Anthropologie Store Forces A Breastfeeding Woman To Move To Bathroom, And No One Is Happy About It

NEW YORK - NOVEMBER 28: A shopper checks out the Anthropologie store's holiday display in Rockefeller Center the day after Thanksgiving, or 'Black Friday,' on November 28, 2008 in New York City. (Photo by Yana Paskova/Getty Images)
Source: Yana Paskova/Getty Images News/Getty Images

If there's any popular brand you could say is directly and successfully aimed at women, it's Anthropologie. Known for feminine silhouettes, dreamy prints, and gorgeous home goods, Anthropologie is many a girls dream shopping destination. However, the store may soon be losing some fans (and fast) after an Anthropologie manager reportedly directed a breastfeeding mother to move to the restroom with her infant, as to make customers in the store "more comfortable." Really. 

According to Ingrid Weise Hesson, the (obviously) offended mother, she recently visited the Beverly Hills Anthropologie location on a shopping spree, intending to use a birthday discount. After spending a significant amount of money, Hesson took a seat towards the back of the store to breastfeed her infant son. That's when she was approached by the store manager.

"Imagine my surprise when the manager Meredith approached, 'I'm here to escort you to the ladies room where you can finish feeding your baby.' Shocked. I unlatched the infant, he began to cry, and we did the walk of shame to the stock room bathroom," Hesson said. "There was nothing but a toilet in the room. 'Sorry we don't have a chair.'" 

An angered and embarrassed Hesson left the store soon after, and later called Meredith, the manager, to address the situation that had just transpired. When Meredith explained how she thought everyone in the store would be more comfortable if Hesson breastfed her child elsewhere, she used the rationale that the store "must be fair to all customers, not just moms." Strange logic to say the least. 

Dissatisfied, Hesson then wrote an email to the company, and soon after posted it on her Facebook page.

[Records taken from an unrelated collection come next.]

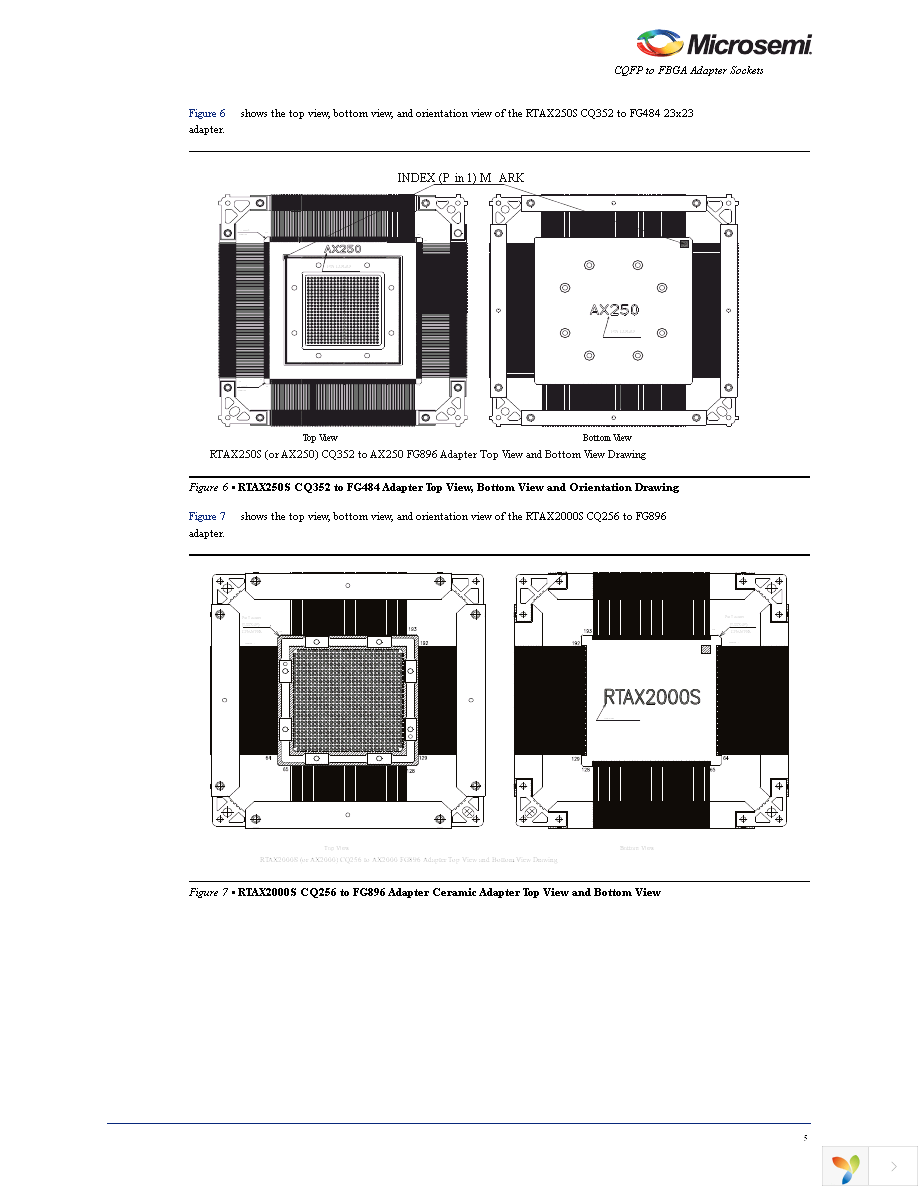 SK-AX2-CQ352-KITBTM Page 5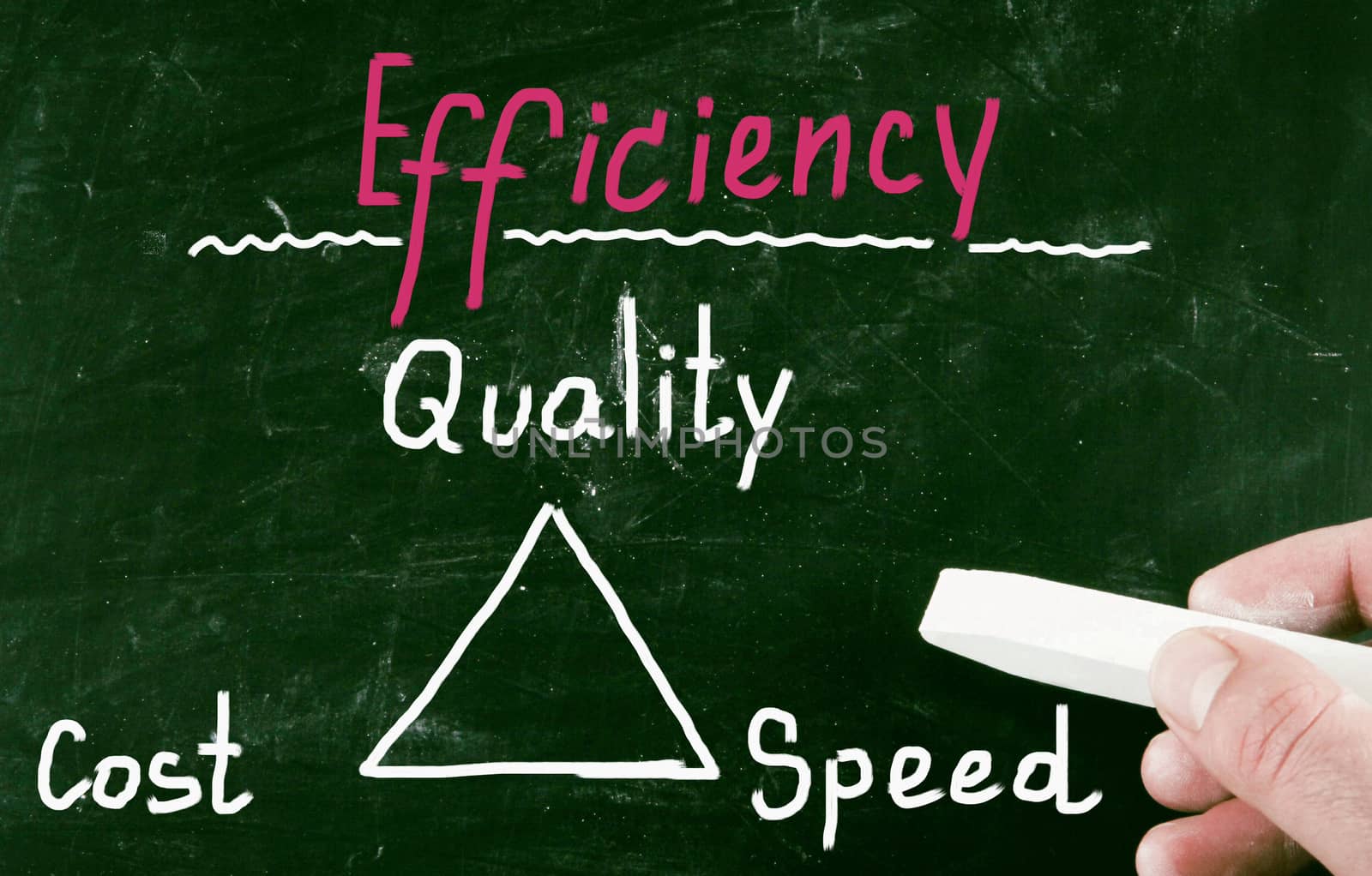 efficiency concept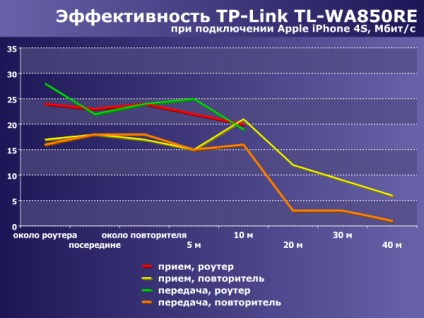 Receptor fără fir tp-link tl-wa850re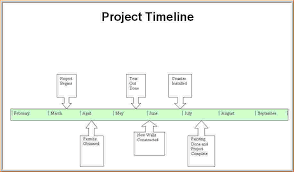 7 Microsoft Word Timeline Template Outline Templates Microsoft Word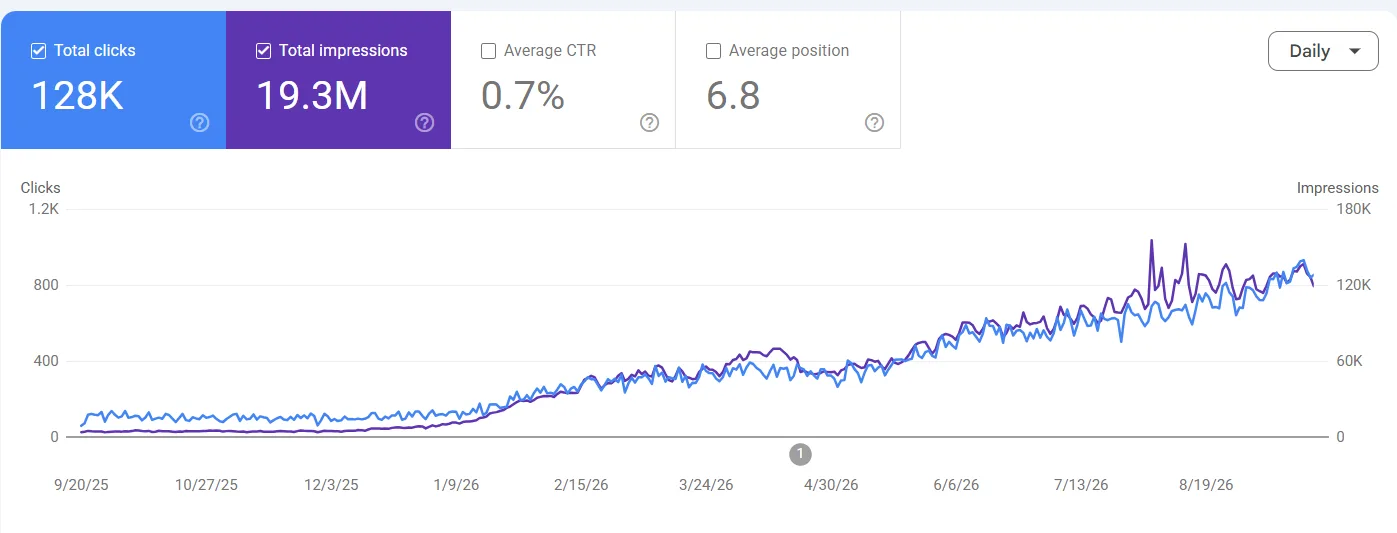 One Year SEO Case Study - Ascent Hospital, Kerala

It only makes sense that the post has since spread rapidly around Twitter and other platforms, fueled by a shocked and offended response from not only mothers, but everyone.

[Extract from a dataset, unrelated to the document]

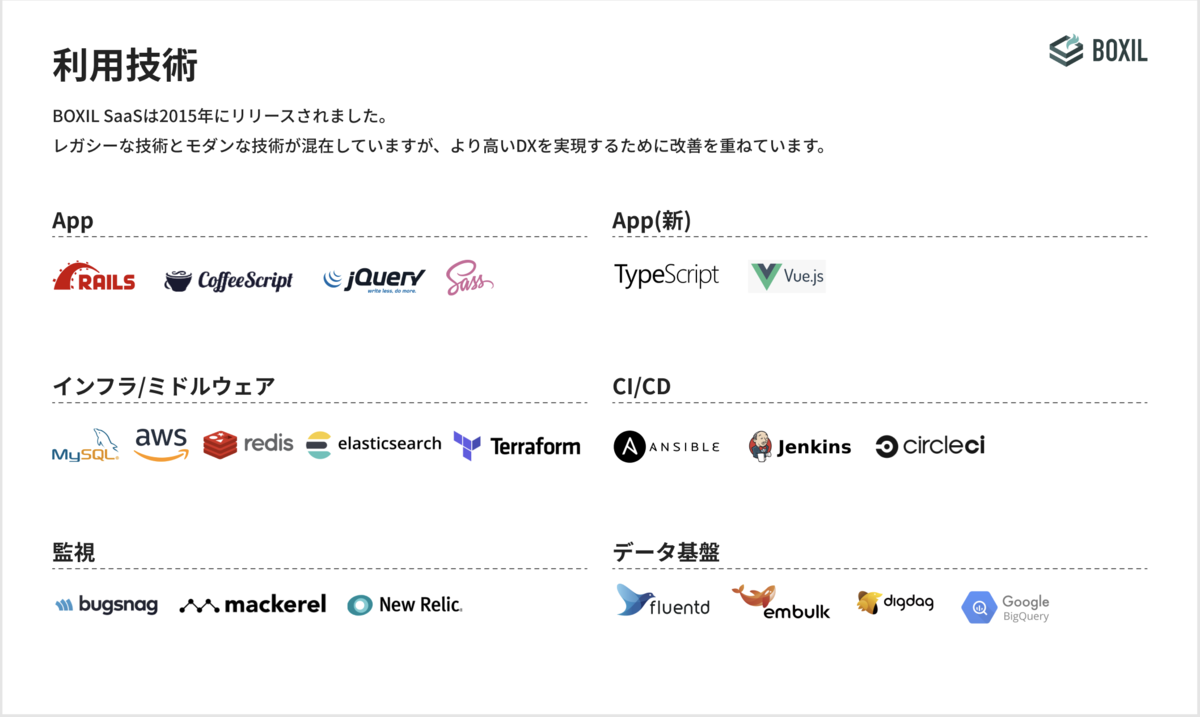 f:id:sonedayuya:20200924171833p:plain SmartCamp BOXIL 技術スタック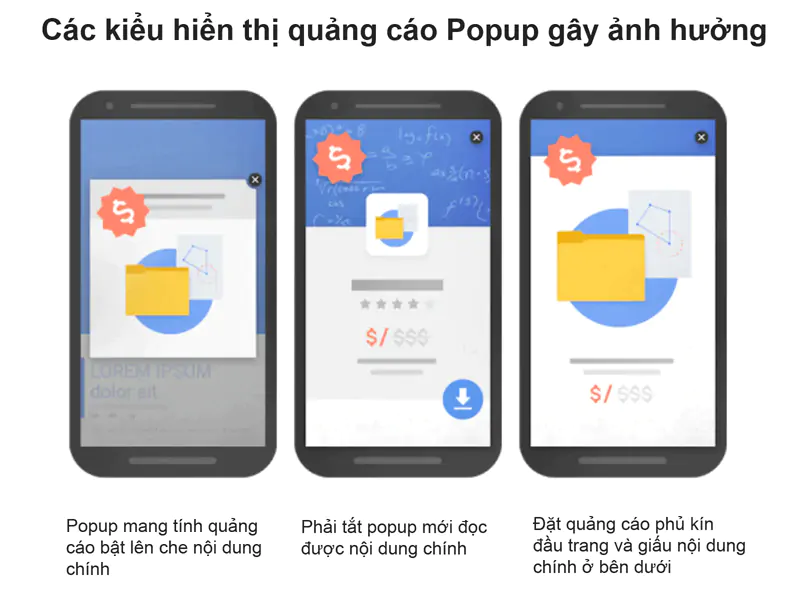 Những popup bị Google phạt khi hiển thị trên di động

Although this has only happened recently (in less than 24 hours, according to Ad Week), Anthropologie has already responded with a (brief) note on the encounter. 

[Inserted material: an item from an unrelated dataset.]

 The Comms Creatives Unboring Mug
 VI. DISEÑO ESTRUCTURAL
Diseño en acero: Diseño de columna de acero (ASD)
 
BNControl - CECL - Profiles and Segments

We are disappointed to hear of the unfortunate experience that occurred in our Beverly Hills store. As a company comprised of hundreds of mothers, which seeks to put the customer first, we celebrate women in all of their life stages.

While the brand does admit to their wrongdoing in the situation, they also refer later in the statement to the event as a "welcomed opportunity to enhance our customer experience." You welcome it, really? Come on, Anthropologie. You can do better than directly following a so so apology with a "in the end, we're going to benefit from this." 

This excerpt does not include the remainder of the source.